Find, in the records below, the line that contains "this 545×348 image." and the line that contains "this 369×237 image.". Copy those two lines and everything between them exactly, but not the pictures.

####

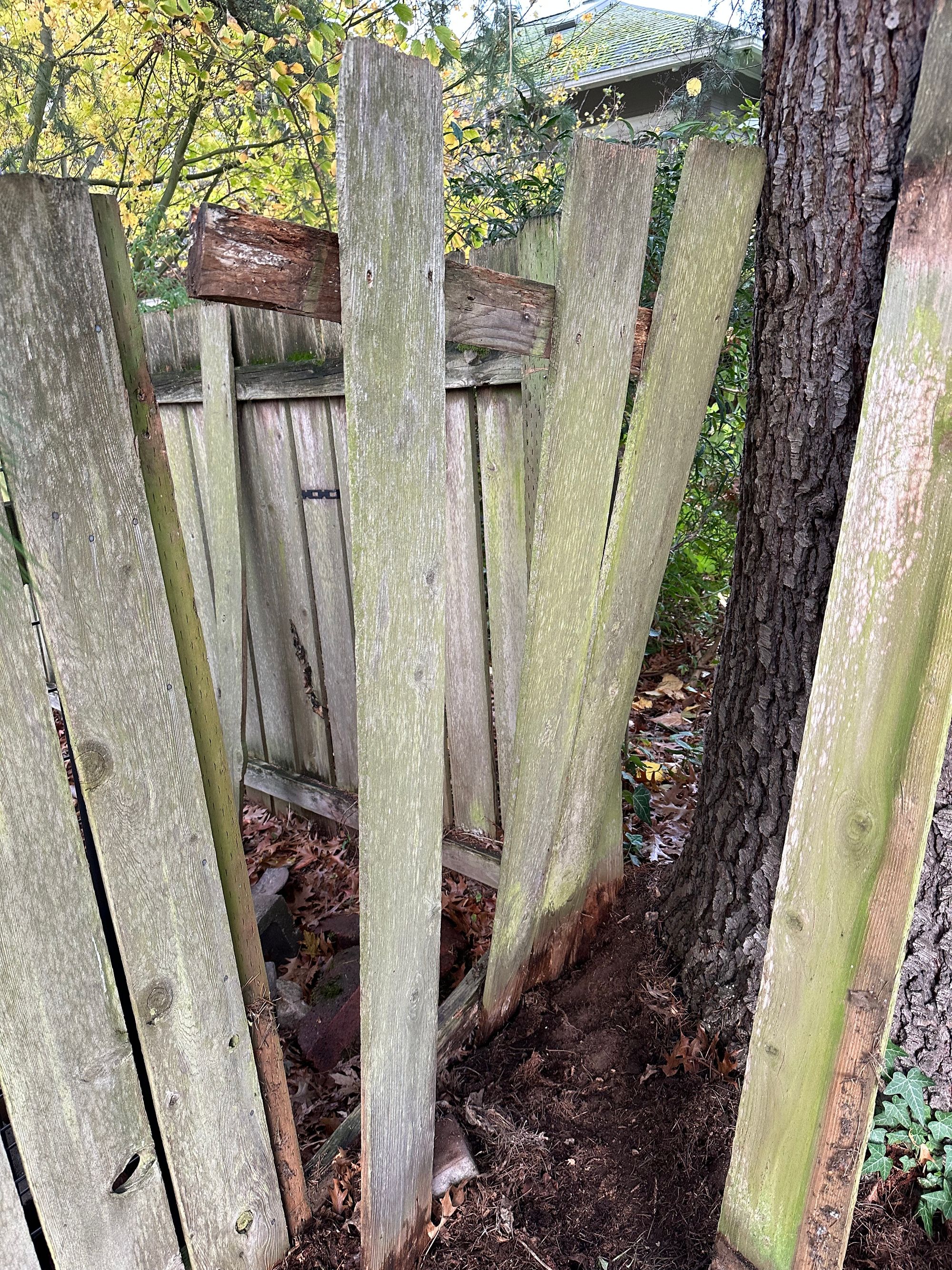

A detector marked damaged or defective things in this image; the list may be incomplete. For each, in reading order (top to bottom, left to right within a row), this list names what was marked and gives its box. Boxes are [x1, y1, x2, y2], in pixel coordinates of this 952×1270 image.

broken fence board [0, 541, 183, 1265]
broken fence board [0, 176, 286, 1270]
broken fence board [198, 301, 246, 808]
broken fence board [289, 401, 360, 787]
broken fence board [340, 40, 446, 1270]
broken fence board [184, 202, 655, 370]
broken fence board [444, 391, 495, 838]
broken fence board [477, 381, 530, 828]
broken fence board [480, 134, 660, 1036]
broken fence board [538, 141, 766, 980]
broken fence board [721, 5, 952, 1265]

####

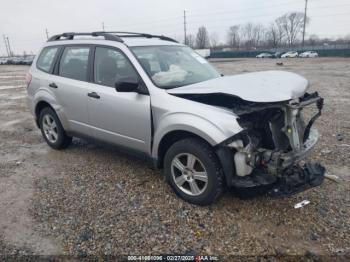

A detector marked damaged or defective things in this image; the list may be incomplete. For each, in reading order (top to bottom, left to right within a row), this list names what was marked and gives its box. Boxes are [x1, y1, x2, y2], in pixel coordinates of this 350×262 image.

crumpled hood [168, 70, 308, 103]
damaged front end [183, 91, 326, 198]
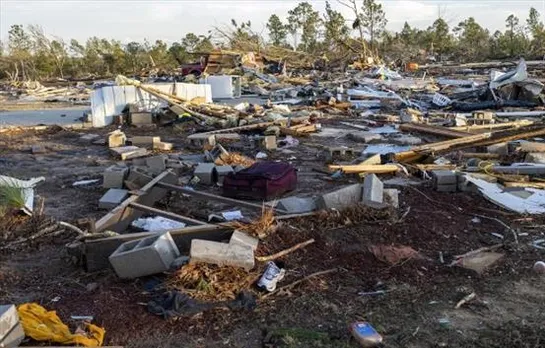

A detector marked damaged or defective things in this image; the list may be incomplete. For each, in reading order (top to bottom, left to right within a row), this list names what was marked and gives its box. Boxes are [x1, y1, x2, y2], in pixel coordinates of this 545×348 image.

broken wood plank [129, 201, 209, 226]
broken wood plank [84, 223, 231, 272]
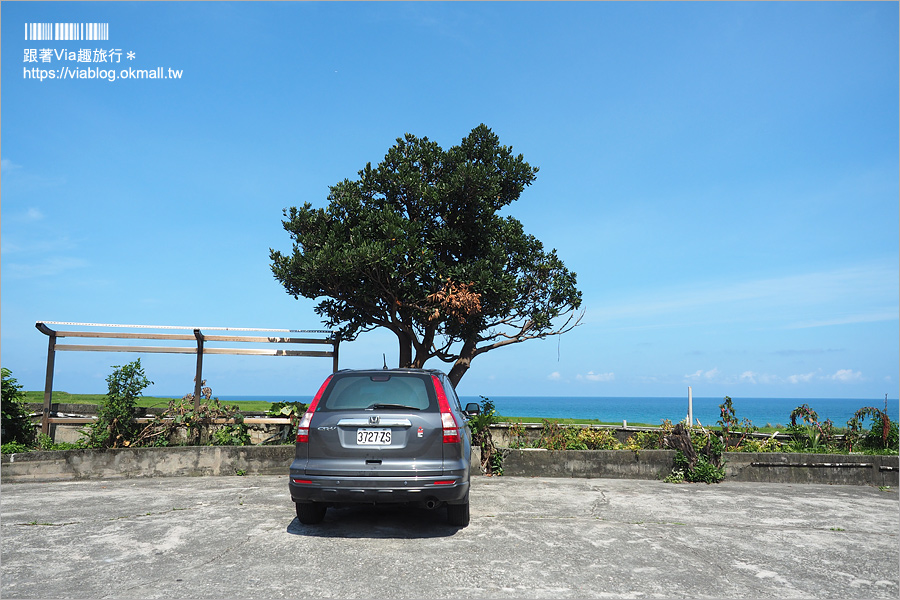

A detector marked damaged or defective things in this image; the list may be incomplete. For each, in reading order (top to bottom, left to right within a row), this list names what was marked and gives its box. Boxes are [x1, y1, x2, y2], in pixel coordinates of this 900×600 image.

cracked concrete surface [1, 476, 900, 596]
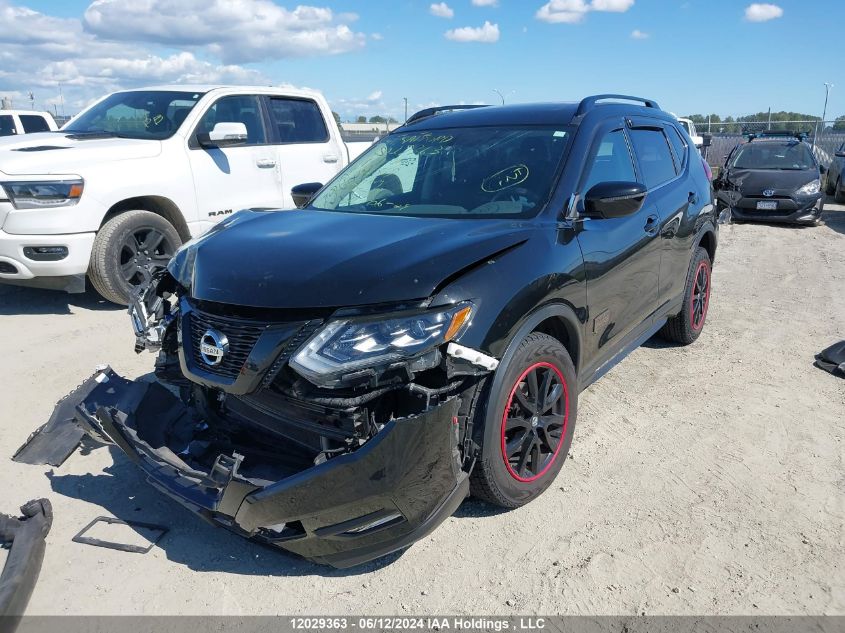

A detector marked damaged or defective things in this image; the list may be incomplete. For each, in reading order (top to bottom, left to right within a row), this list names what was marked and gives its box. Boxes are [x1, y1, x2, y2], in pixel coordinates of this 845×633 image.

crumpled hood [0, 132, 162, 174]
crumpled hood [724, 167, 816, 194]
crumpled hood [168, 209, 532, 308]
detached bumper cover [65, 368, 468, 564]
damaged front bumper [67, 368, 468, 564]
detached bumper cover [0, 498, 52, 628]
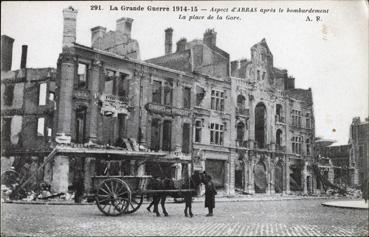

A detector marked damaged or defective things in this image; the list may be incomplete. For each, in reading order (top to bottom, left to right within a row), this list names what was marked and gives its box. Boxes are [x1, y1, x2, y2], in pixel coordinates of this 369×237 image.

####

Output of the task:
A detector marked damaged or defective things in this image; the list may be incomplete. For each, in reading order (top to bottom, left to right within a row), this list names what was marked and gives its box. Boxes are [x1, y1, x2, y2], in pixel coordinates of this 545×348 image.

broken wood plank [129, 201, 209, 226]
broken wood plank [84, 223, 231, 272]

A detector marked damaged or defective things in this image; the list may be incomplete. For each, in reading order (top to bottom, left to right within a row), this list names what was marked and gives its box. Boxes are [x1, y1, x2, y2], in pixel coordinates of this 900×600 image.

cracked concrete surface [1, 476, 900, 596]

A detector marked damaged or defective things in this image; the list may be incomplete. For each, in reading order (top to bottom, left to right within a row), this list names what was marked and gives its box. Boxes are [x1, y1, x2, y2], in pixel coordinates of this 845×633 image.

crumpled hood [0, 132, 162, 174]
crumpled hood [724, 167, 816, 194]
crumpled hood [168, 209, 532, 308]
detached bumper cover [65, 368, 468, 564]
damaged front bumper [67, 368, 468, 564]
detached bumper cover [0, 498, 52, 628]

A detector marked damaged or defective things in this image; the list may be incomplete. For each, in reading order (top to bottom, left to right within a row), this list names what was marked and gives its box. Boxes are [x1, y1, x2, y2], in pixel coordinates of this 369×237 image.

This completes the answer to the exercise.